Couple other things I'd done,,take a tennis ball, and put it in an old sock with a big knot on the end, mine would chuck those things around all day long...A plastic milk jug, fill with some treats,,again, mine would entertain themselves with that..I swear I used to buy all kinds of toys, and they ended up liking to play with 'junk', better than the toys..mine are crazy over squeaky toys as well


----------



## PiedPiperInKC (May 1, 2011)

JakodaCD OA said:


> Got any friends with puppies, or nice mannered dogs she could hang out with, nothing like another dog to wear a puppy out
> 
> I used Kongs, froze ice cubes with treats, but mostly since I have the luxury of working part time, spent alot of outside time with my dogs when they were puppies..


I do have friends with dogs & she LOVES them! (This is why I'm EXTRA sad that I lost Titan a few weeks ago - she was his little shadow!) I get her around other dogs as much as possible.

I agree with the outside time - my dilemma now is that we're in the middle of a 100 degree heat wave for the past week (and next week) and it's just too miserable for her to be outside for long.
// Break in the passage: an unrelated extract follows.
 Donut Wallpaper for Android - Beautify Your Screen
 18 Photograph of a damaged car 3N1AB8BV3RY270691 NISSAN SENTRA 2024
I take her on a walk early morn & late night - but even then the little boogar runs for the shade and plops in someone's grass and won't move! LOL

So far she's not interested in a Kong at all. Gave her one with the Kong peanut butter insert - no go. Tell me about the frozen ice cubes with treats please!


----------



## PiedPiperInKC (May 1, 2011)

*The tree....*

See what my cute little monster has done to the tree????


----------



## PiedPiperInKC (May 1, 2011)

But on a positive note....just gave her a cardboard box (as suggested) and she seems to be liking it so far!


----------



## Hillary_Plog (Apr 3, 2011)

PiedPiperInKC said:


> But on a positive note....just gave her a cardboard box (as suggested) and she seems to be liking it so far!


 
LOL...so cute! I told you...they LOVE boxes! You can even throw/toss it for her...so she "gets" that she can tip it, pounce on it, shake it, chase it...you can also put her toys in it and/or place toys under it so she has to "find" them underneath it.


----------



## Tbarrios333 (May 31, 2009)

*She has made strong eye contact since the day we picked her up at 8 weeks*, is doing great with housetraining, never has cried once when we've put her in the crate, has done incredible on the leash (we've been taking her on walks since 8 weeks old w/no problems), rides in the car like a charm and is VERY affectionate. The thing I'm not used to is the EXTREME amount of energy she has when she is awake and the EXTREME amount of mouthing she does!!
The eye contact is a good thing. I don't buy into the alpa nonsense. She is a high energy, drivey pup and it's your job to start clicker training etc. to teach her the right behaviors. 

Here's the thing...if I am not entertaining her every minute - she's a TERROR! I've started taking her on walks morning, noon and night (as I work from home). This tires her out a lot - but not as much as I thought it would! I have been working on clicker training sessions with her at night. So far have only taught her sit and down - but haven't had time to research what commands to do next. I sit down and play tug with her with the "Holy Roller" ball and she's already doing a great job of fetching it, too. Now, though....I've run out of ideas on what to do with her to stimulate her. I know she needs mental AND physical stimulation - so I'd love to hear your ideas!! Neither of our other 2 dogs seemed to require this much interaction as a pup - so this is new to me. (We're starting her 1st obedience class in 3 weeks).
Start teaching her heel, sit, down, perching, touch, FOCUS and other things. You don't have to have them on queue, just shape the behavior and keep it fun. Work on ENGAGEMENT training.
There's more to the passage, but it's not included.